[Caption-style text data]

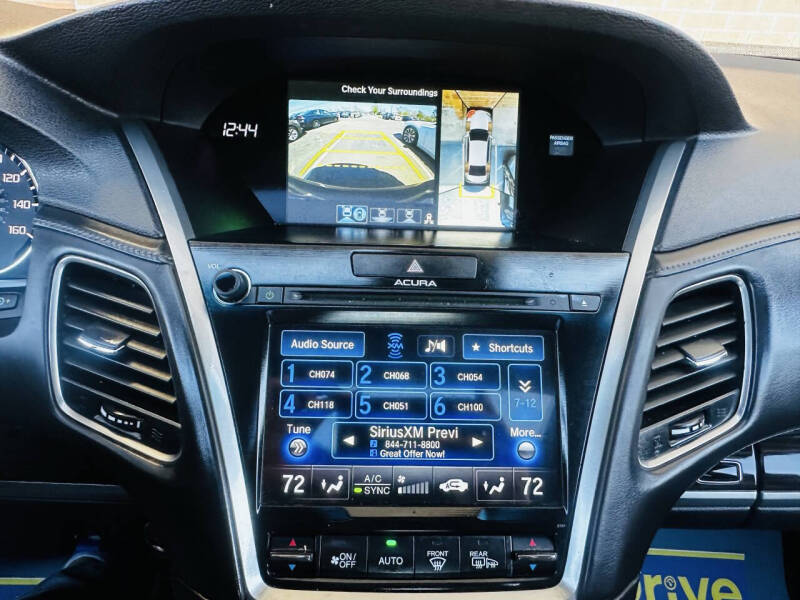 2017 Acura RLX w/Advance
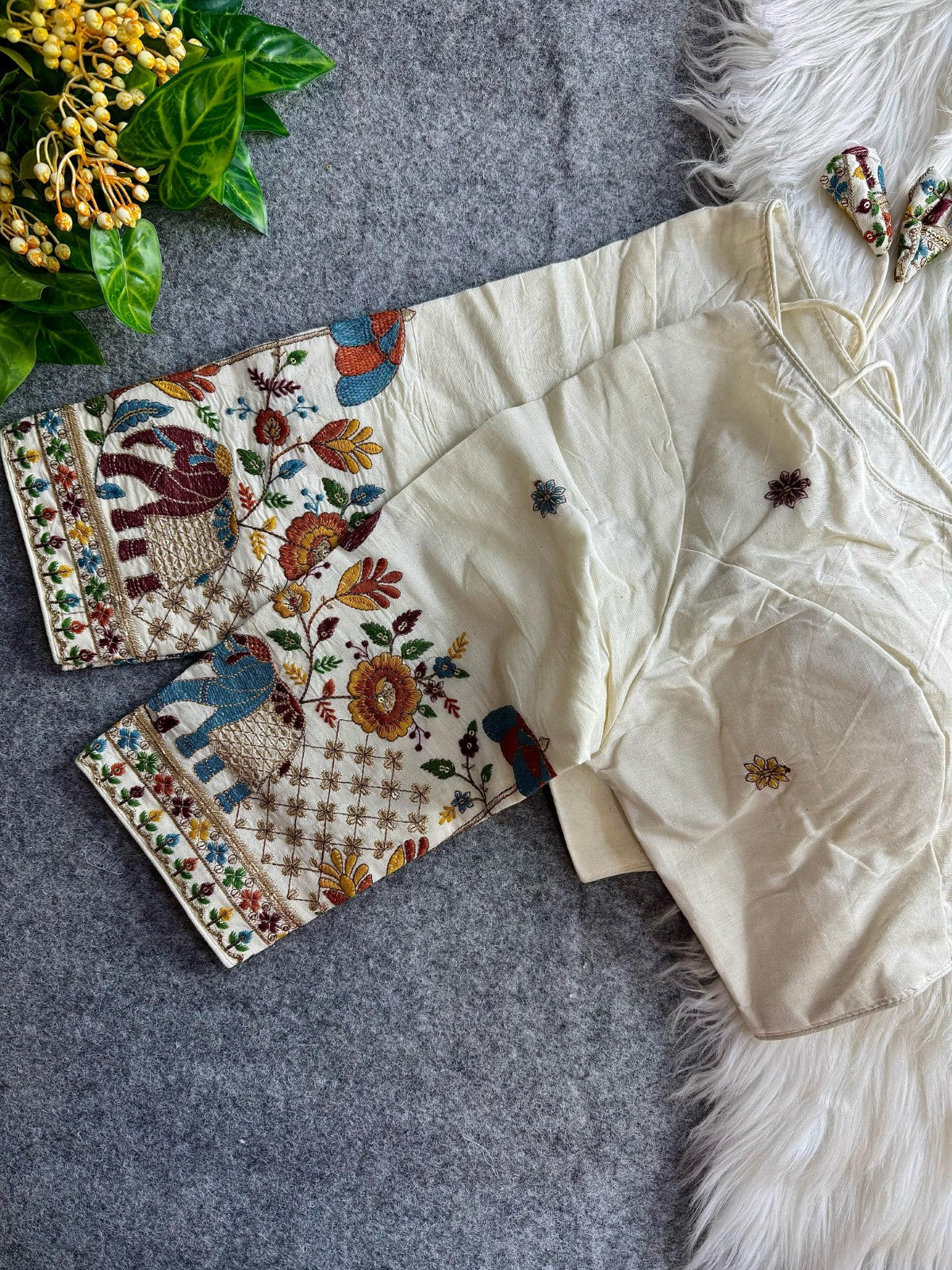 Pure Khadi cotton V neck Thread coding with Embroidered work Padded White blouse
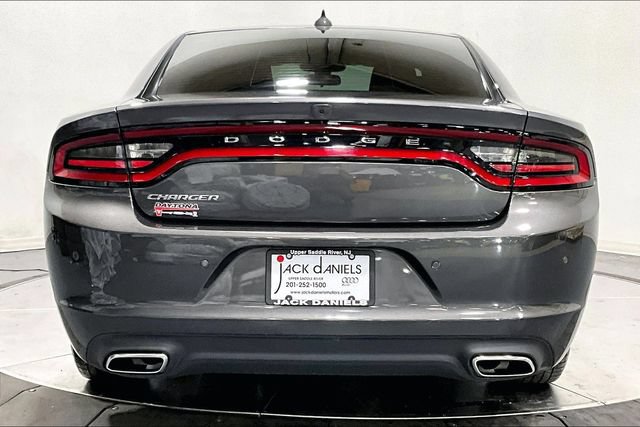 Used 2023 Dodge Charger SXT RWD image 3
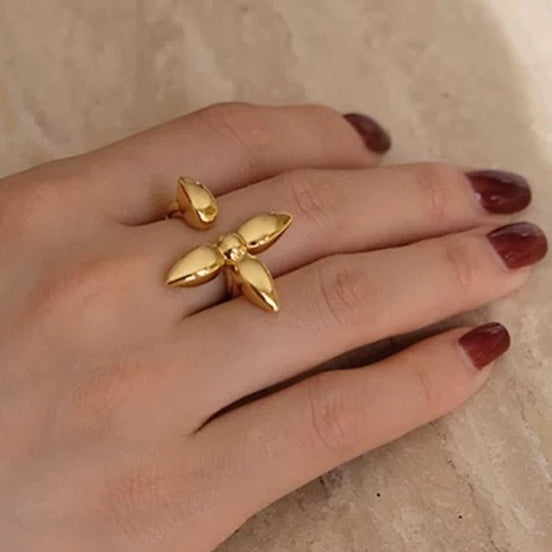 Minimalist four-leaf ring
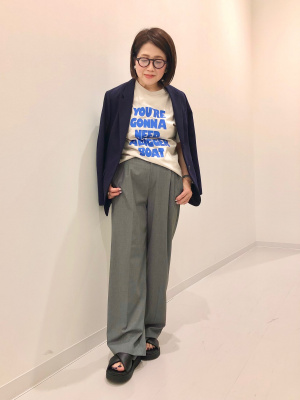 【新品タグ付き】UNIQLO ユニクロ　感動ジャケット　パンツスーツ　ネイビー ユニクロ公式 | 感動ジャケット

§ **WORK TASK**
If a record holds a picture, leave the picture out and copy the rest exactly.

§ **RESPONSE TO THE EXERCISE**
 2017 Acura RLX w/Advance
 Pure Khadi cotton V neck Thread coding with Embroidered work Padded White blouse
 Used 2023 Dodge Charger SXT RWD image 3
 Minimalist four-leaf ring
 【新品タグ付き】UNIQLO ユニクロ　感動ジャケット　パンツスーツ　ネイビー ユニクロ公式 | 感動ジャケット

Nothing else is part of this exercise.